AVAILABLE DATA
+ + + + +
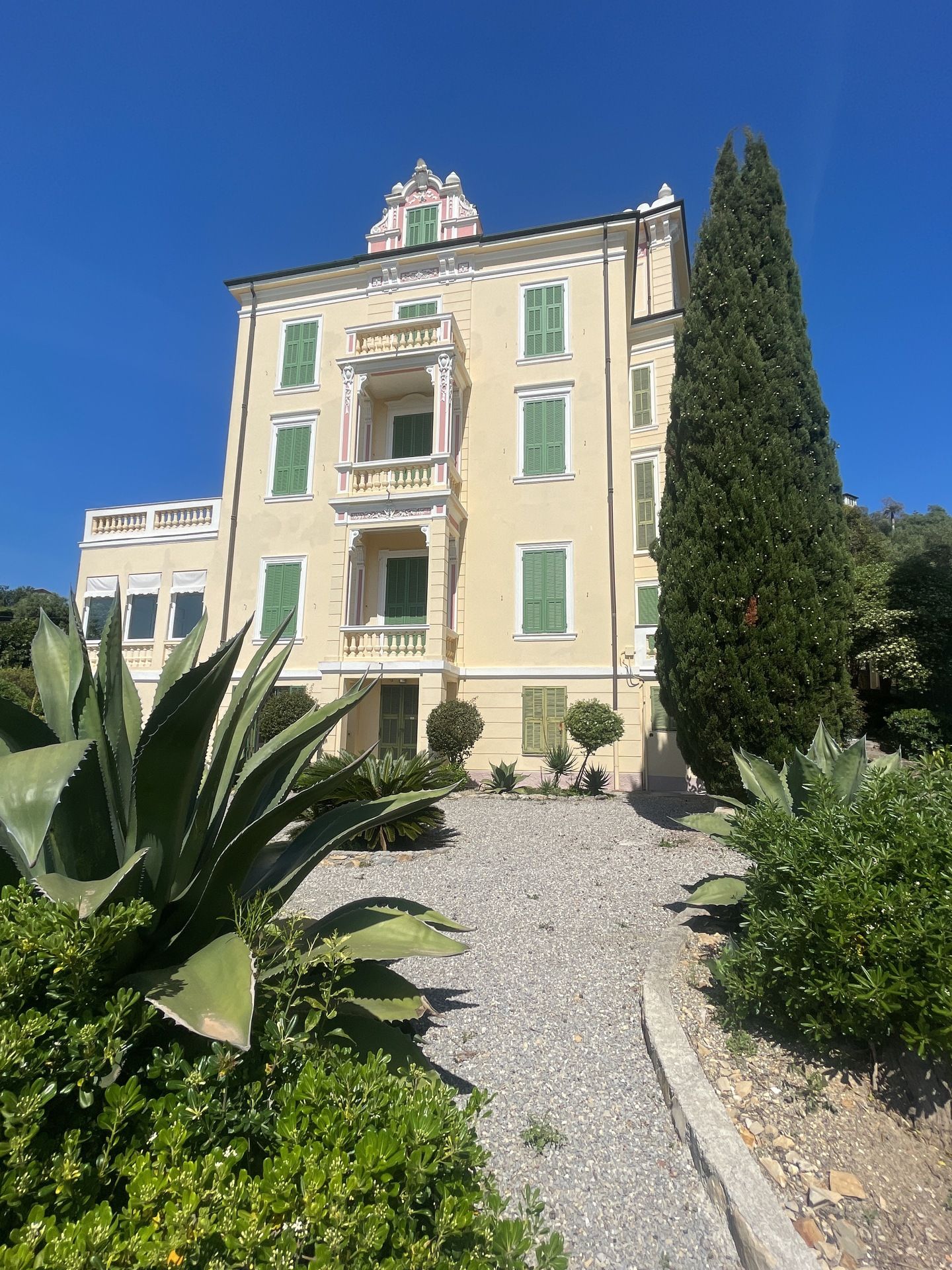 Vendita villa in zona tranquilla Bordighera Liguria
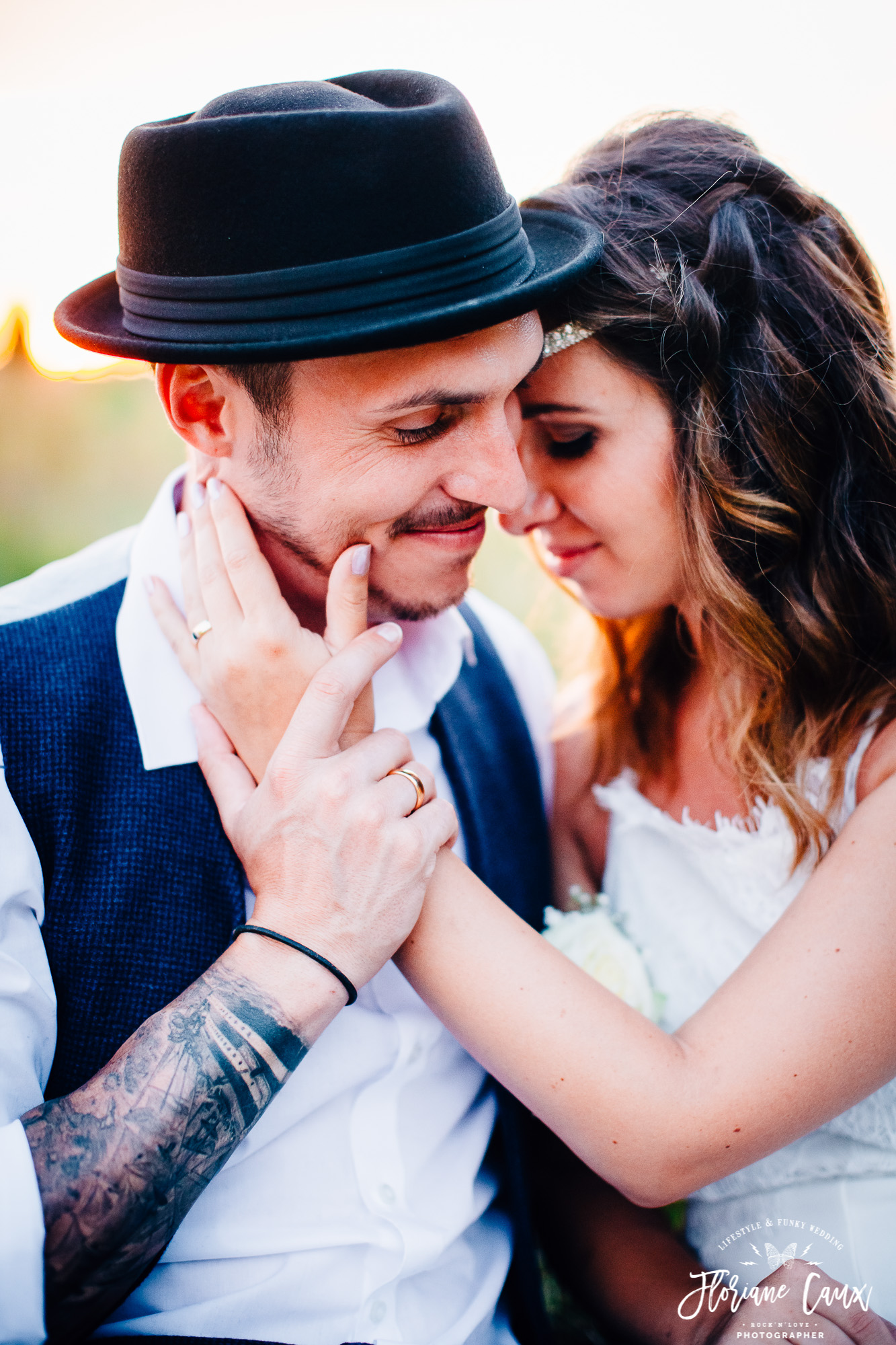 couple-photoshoot-Toulouse-smokebombs-and-donkeys (26)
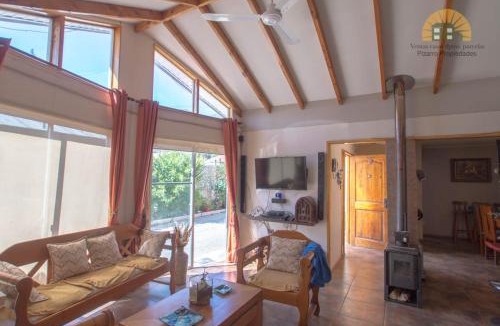Melocoton House | Chalet en La Montaña con Piscina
+ + + + +
EXERCISE DIRECTIONS
From the line containing "couple-photoshoot-Toulouse-smokebombs-and-donkeys (26)" down to the final line of the material, restate every line word for word, and only those; drop the pictures.

FINISHED EXERCISE
 couple-photoshoot-Toulouse-smokebombs-and-donkeys (26)
Melocoton House | Chalet en La Montaña con Piscina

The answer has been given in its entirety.